Ainda não me levanto. Olho para o botão-soco, na parede, pouco acima da minha cabeça. O acrílico permanece quebrado e o botão, afundado: então esta parte da história aconteceu de fato. Seguro-me em uma barra de ferro e, vagarosamente, começo a andar pelo corredor. O trem parece em baixa velocidade, aumentando-a gradativamente à medida em que vai ganhando metros através dos trilhos. Deve ter acabado de partir de alguma estação – embora, pela janela, eu não consiga ver exatamente que estação estamos deixando para trás.
Estou mais ou menos no meio do vagão quando, ao olhar para uma das portas, tenho uma outra ideia: “Há uma chave que abre as portas do trem em caso de emergência”. Todas as portas do trem possuem um mecanismo de abertura ou travamento manual: quando acionado, a porta pode ficar “boba”, solta, ou travada na posição fechada. Quando acontece de algum sensor pifar (e isso acontece com frequência nos trens antigos e mal-mantidos da Companhia), nós simplesmente travamos a porta e colocamos uma faixa, para que os passageiros saibam que ela não irá abrir nas plataformas. Da mesma forma, quando o trem pára e não é possível acionar a abertura das portas para que todos possam descer, nós destravamos a porta e permitimos o desembarque.
Há outro invólucro de acrílico que protege a chave. Nós o chamamos de “saboneteira”, porque se parece com uma. Quebrando este invólucro, eu ainda preciso usar a minha chave de maquinista para acionar a alavanca. E, provavelmente, se nenhum sistema de segurança estiver inoperante, ao acionar a alavanca o trem irá começar a frear, até que, uma vez parado, a porta se solte. Esta é a minha chance.
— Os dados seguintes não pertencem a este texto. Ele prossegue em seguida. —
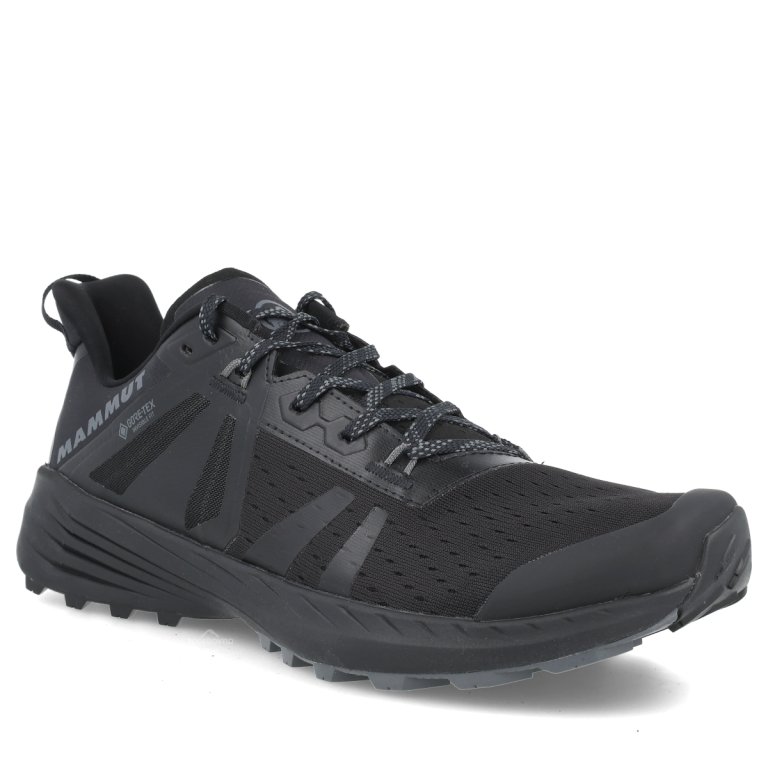 Черевики Mammut Saentis TR Low GTX M - чорні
Começo a forçar a saboneteira para que ela quebre. Tento de todas as formas, esmurro e bato com força. O acrílico parece ser agora uma grande proteção de aço blindado.
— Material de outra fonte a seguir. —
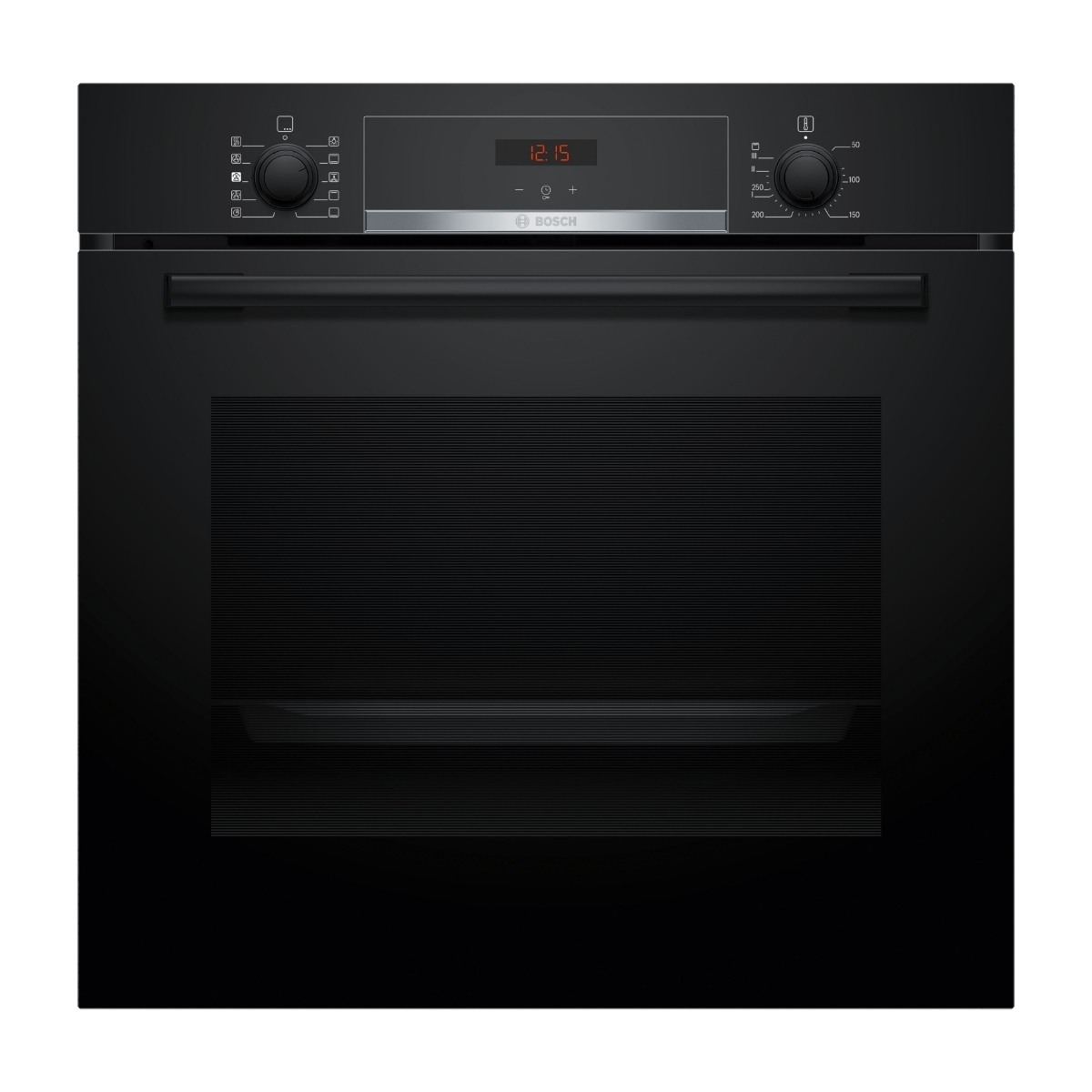 Bosch Serie 4 HQA534BB3 integrerad ugn, bild 2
— Senta aí, seu palhaço! — ouço, novamente, a mesma voz dizer. Dessa vez, me viro com raiva para ver quem é o imbecil que está me dizendo isso.
Vejo o palhaço, já sem nenhuma maquiagem. Ele me olha com certa frieza. Agora já não penso em sequestro do trem, já não penso em sabotagem e já não sei mais o que está acontecendo com a minha cabeça. Só sei de uma coisa: o Pirulito tem o rosto do meu finado pai. Esta é a última coisa que eu consigo vislumbrar, antes que meus olhos se escureçam por completo e eu desmaie no meio do corredor.